11. AI and tools used during delivery
We may use modern productivity tools (including AI-enabled features) to support legitimate business activities such as drafting, summarising meeting notes, or producing workshop outputs. We take care to protect confidentiality and minimise personal data. Where client confidential information or sensitive personal data is involved, we apply appropriate safeguards and follow the agreed approach in the engagement terms.
12. Data security
We use appropriate technical and organisational measures to protect personal data, which may include access controls, encryption where appropriate, secure storage, least-privilege access, and supplier due diligence. No method of transmission or storage is completely secure, but we work to reduce risk proportionately.
13. How long we keep your personal data
We keep personal data only for as long as necessary for the purposes set out in this policy, taking into account legal, contractual and operational requirements. Typical retention periods include:
- • Website enquiries: usually 12–24 months after the last meaningful interaction
- • Business development contacts: while we have an active relationship and for a reasonable period afterwards, unless you opt out
- • Client engagements (project files and key records): typically up to 7 years after completion (unless a different period is agreed or required)
- • Client listening raw materials (notes/recordings/transcripts where used): typically retained for a limited period required to produce outputs, then deleted or anonymised/aggregated, subject to the engagement’s agreed methodology
- • Financial records: retained in line with legal and tax requirements
14. Your rights
You have rights under UK GDPR, including the right to:
- • Access your personal data
- • Request correction of inaccurate data
- • Request deletion (in certain circumstances)
- • Object to or restrict processing (in certain circumstances)
- • Request data portability (in certain circumstances)
- • Withdraw consent where processing is based on consent
To exercise your rights, email solutions@cartonconsultants.com.
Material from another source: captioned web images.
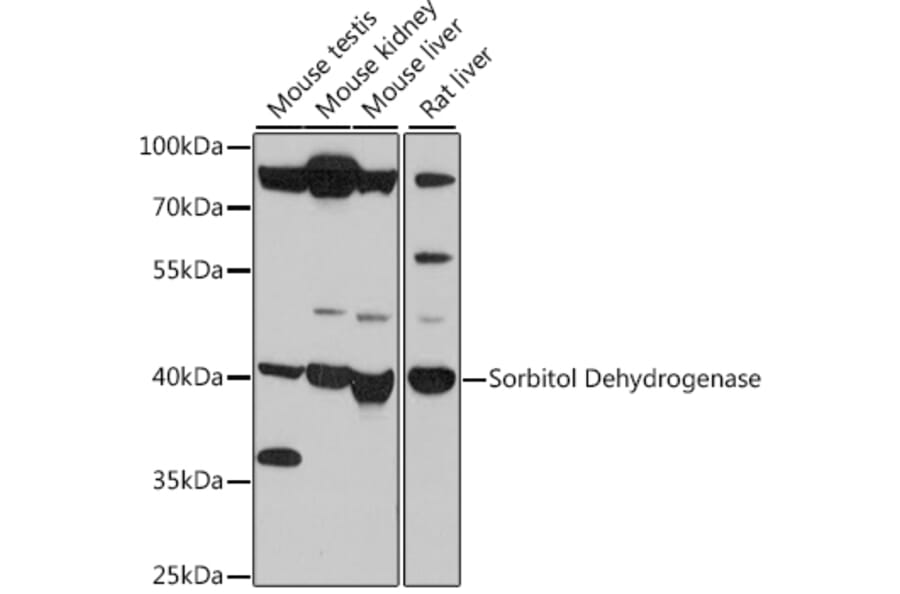 Western Blot - Anti-Sorbitol Dehydrogenase Antibody (A89645) - Antibodies.com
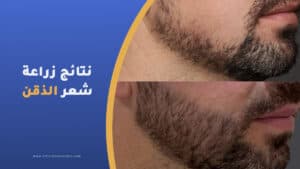 نتائج زراعة شعر الذقن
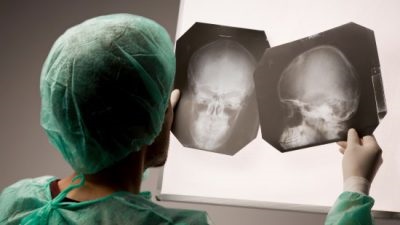 orr röntgen milyen gyakran lehet csinálni, dekódolás röntgen az orrmelléküregek (X-ray) orr röntgen milyen gyakran lehet csinálni, dekódolás röntgen orrmelléküregek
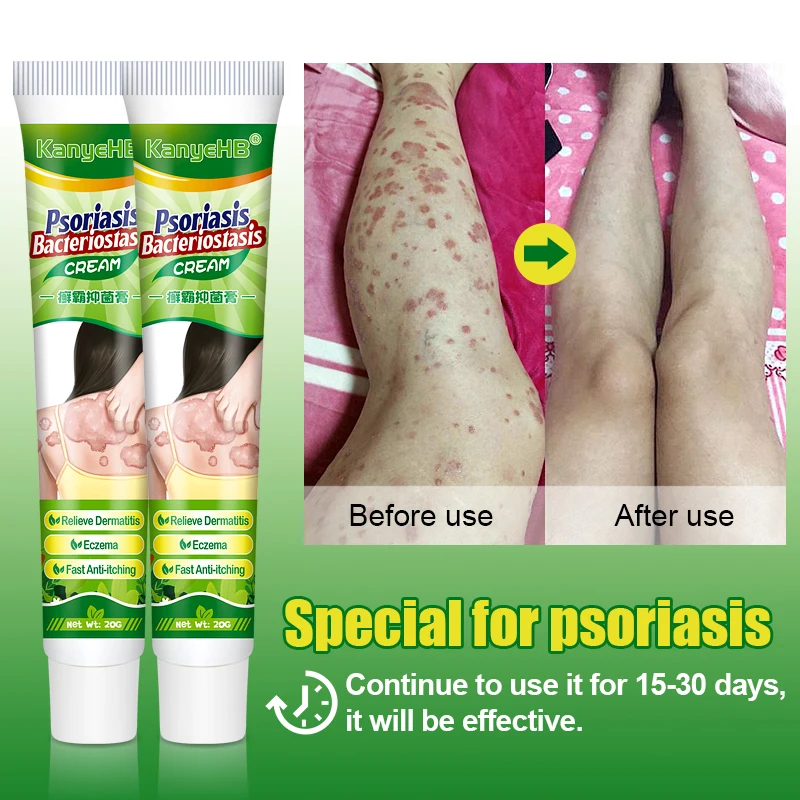 1Pcs Psoriasis Cream Remove Eczema Dermatitis Effectively Repair Skin Antibacterial Relief Genital Pruritus Herbal Ointment G024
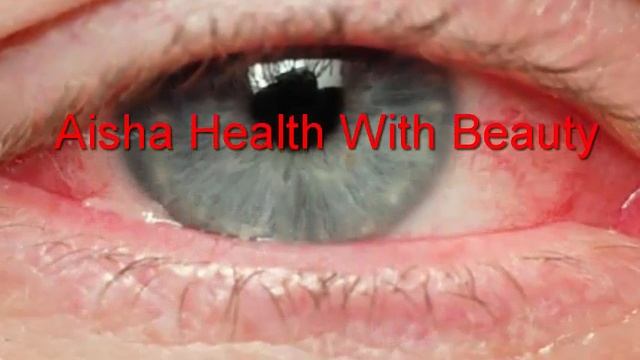 How to Get Rid of a Styes; Home Remedies and Treatments || Aankh Ke Dano Ka Ilaj смотреть онлайн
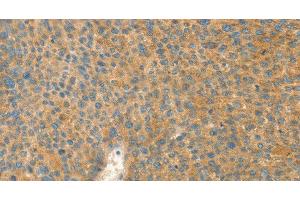Immunohistochemistry of paraffin-embedded Human liver cancer tissue using AANAT Polyclonal Antibody at dilution 1:40 (AANAT antibody)
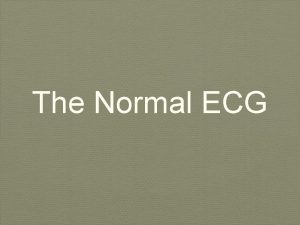 The Normal ECG Normal P Wave Negative in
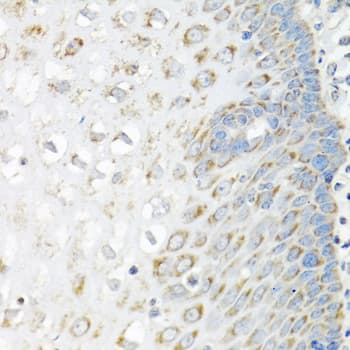 Polyclonal Rabbit anti-Human IMP-3 / IGF2BP3 Antibody (IHC, WB)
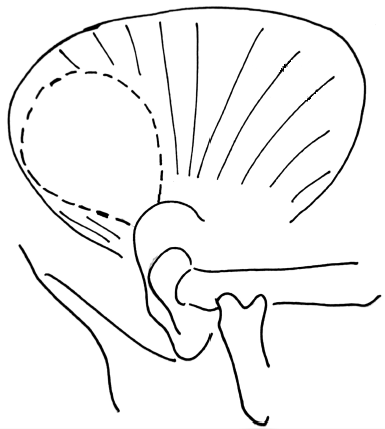 Fig. 2: Preoperative Intraoral View of the Patient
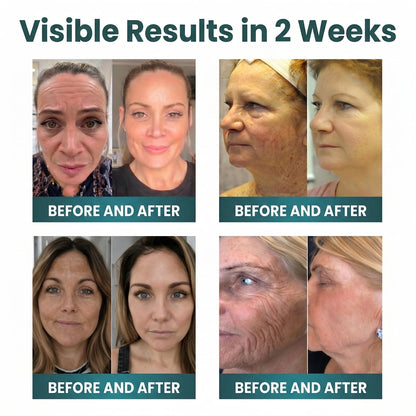 🇺🇸 NORUION®  Q10 x Botanical Nano Exosome Advanced Anti-Wrinkle Cream
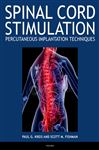 Spinal Cord Stimulation Implantation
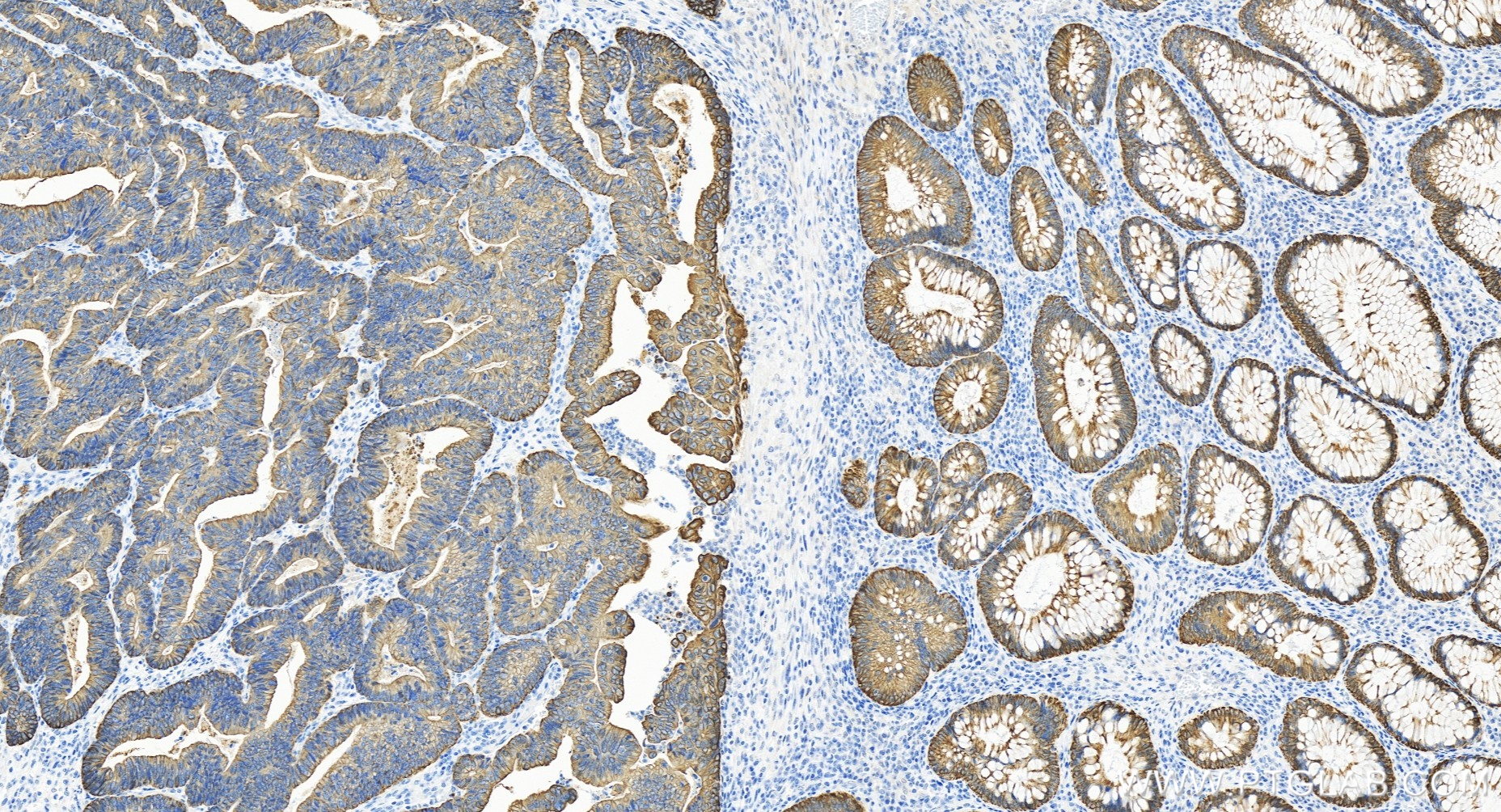 IHC staining of human colon cancer using 84982-1-RR
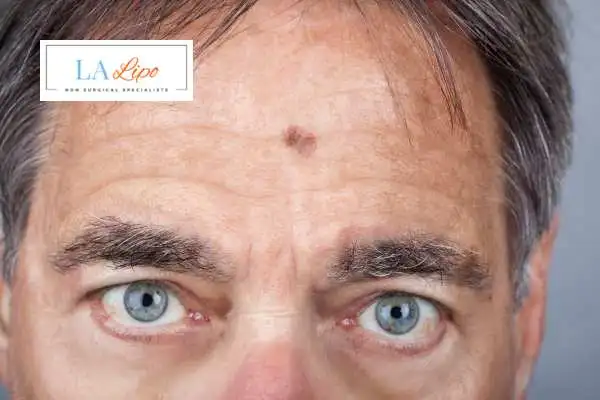 Solar Lentigo Removal Edinburgh image of man with mark on his forehead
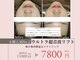 エンチャント(ENCHANT)の写真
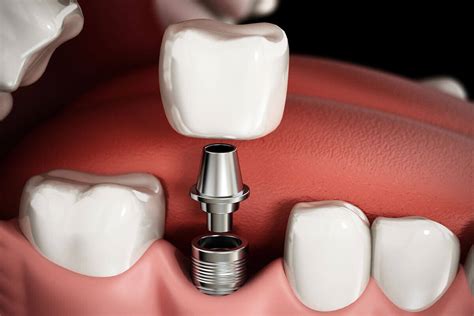 Loose Dental Implant Southside Dental Implants, Brisbane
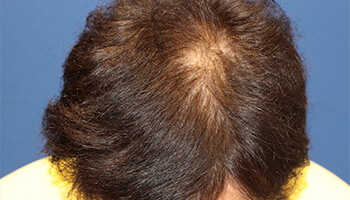 60代 男性 S.H.さん　生え際・前頭部 自毛植毛（NC-MIRAI法） 2,500株の症例（施術後）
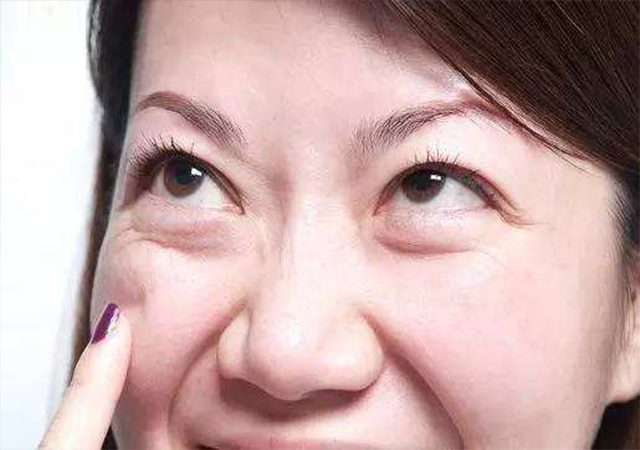 食物过敏眼睛肿多久才消退,眼睛肿了吃什么最好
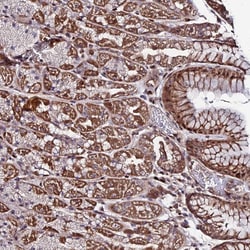 Invitrogen AMER3 Polyclonal Antibody 100 &mu;L; Unconjugated:Antibodies,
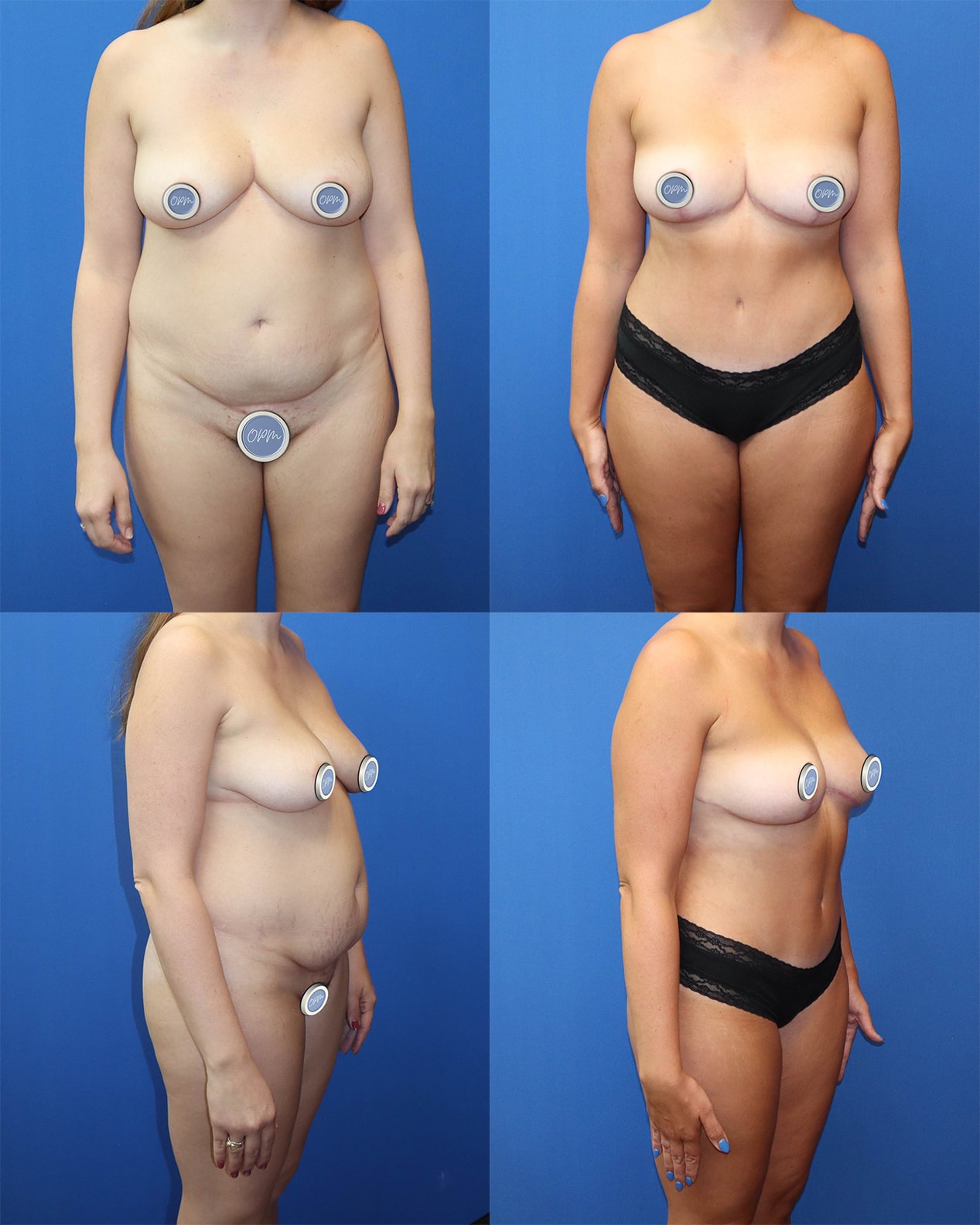 Tummy Tuck Success - Before-and-after images capturing the impressive results of a successful procedure on the client's abdomen.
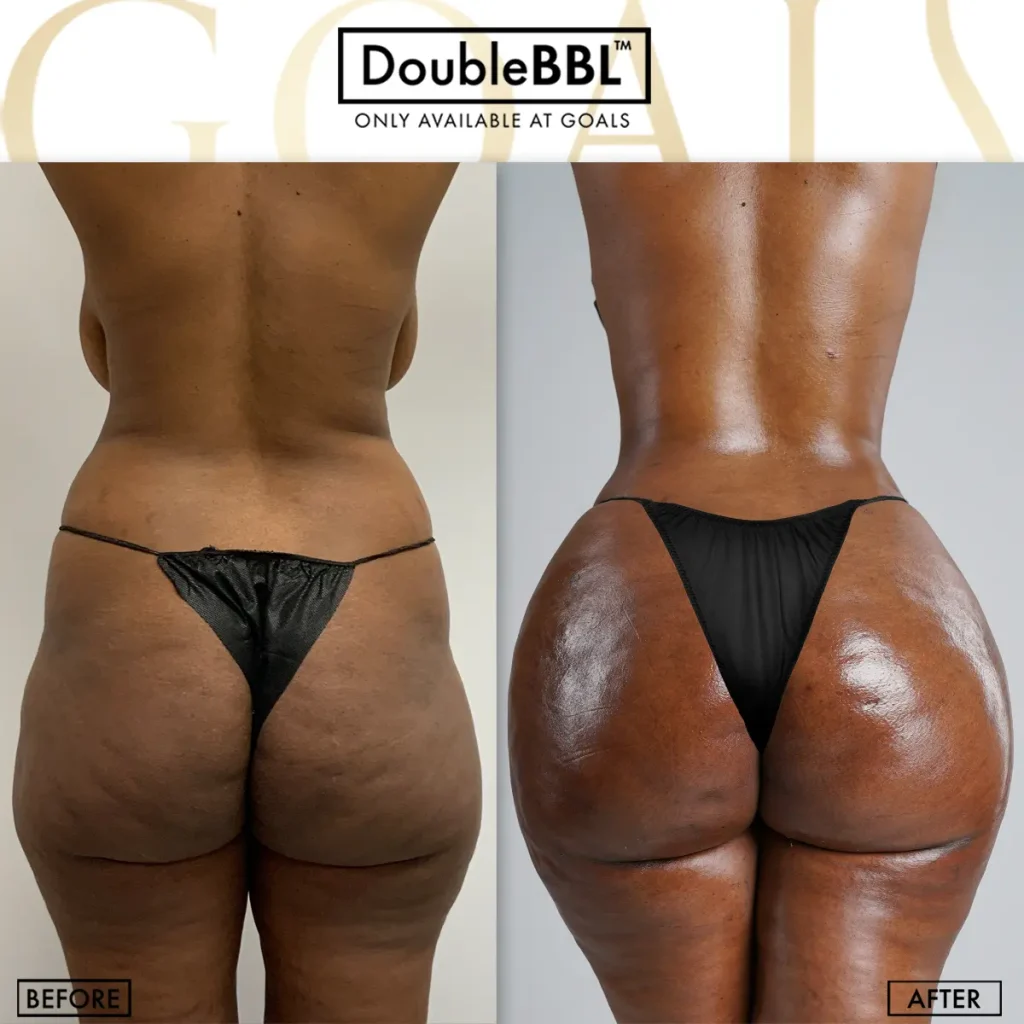 Before and after — Gaithersburg, patient 1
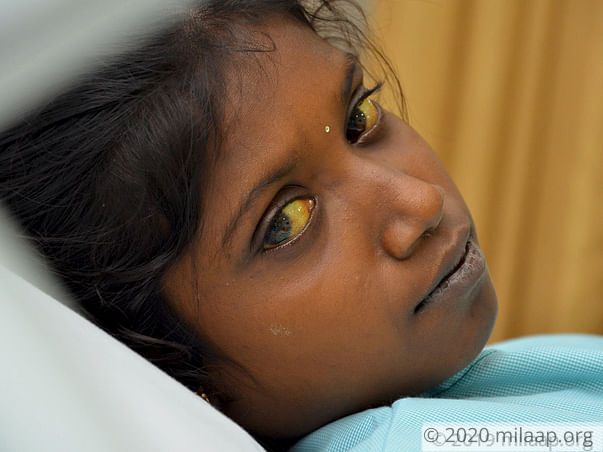 Sivaranjini needs your help to undergo Liver transplant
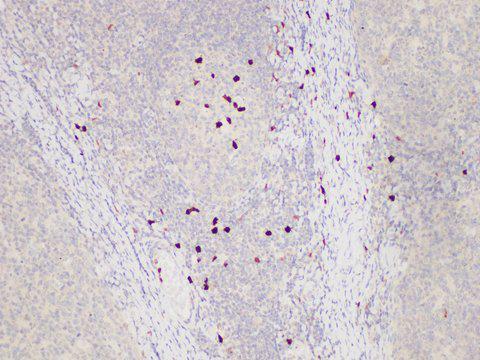 S100A12 Antibody - Immunohistochemistry of paraffin-embedded Human tonsil using S100A12 Polycloanl Antibody at dilution of 1:85.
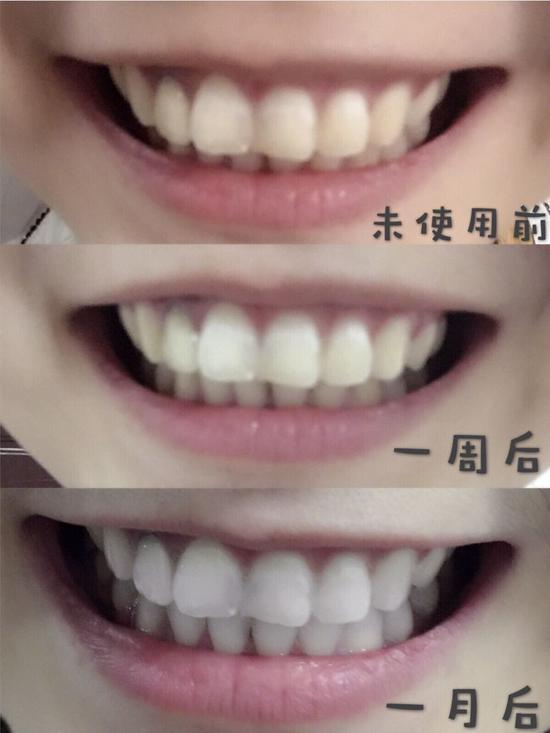 图源小红书@妙脆角是我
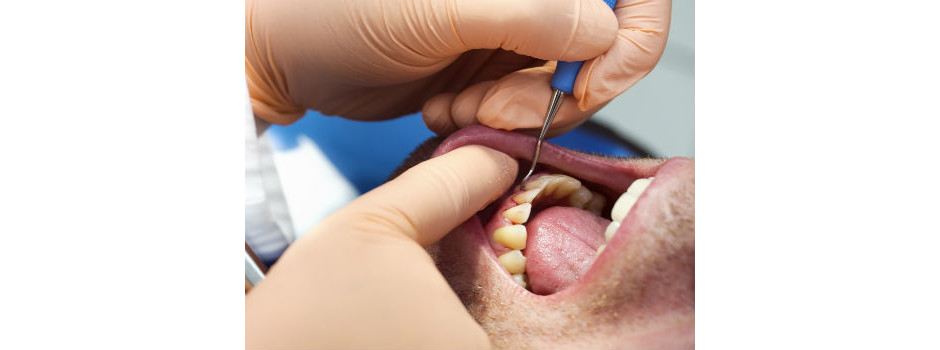 Os principais sintomas da gengivite são sangramento durante a escovação e uso do fio dental, inchaço e sensibilidade.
We may ask for information to verify your identity. We will respond within the timescales required by law.
15. Complaints
If you are unhappy with how we have handled your personal data, please contact us first and we will try to resolve the issue. You also have the right to complain to the UK Information Commissioner’s Office (ICO).
16. Automated decision-making
We do not use your personal data to make solely automated decisions that have legal or similarly significant effects on you.
17. Links to other websites
Our website may contain links to third-party websites. We are not responsible for their privacy practices. Please review the privacy policies of any third-party sites you visit.
18. Changes to this policy
We may update this Privacy Policy from time to time. We will publish the updated version on this page and update the “Last updated” date shown on the page.
19. Contact us
If you have questions about this policy or how we handle personal data, contact:
Email:
solutions@cartonconsultants.com
If you are participating in a client listening programme commissioned by a law firm, and you prefer to contact the commissioning organisation directly about how your data is used, please do so. Where Carton & Co acts as a processor on their instructions, the commissioning organisation will be the primary controller.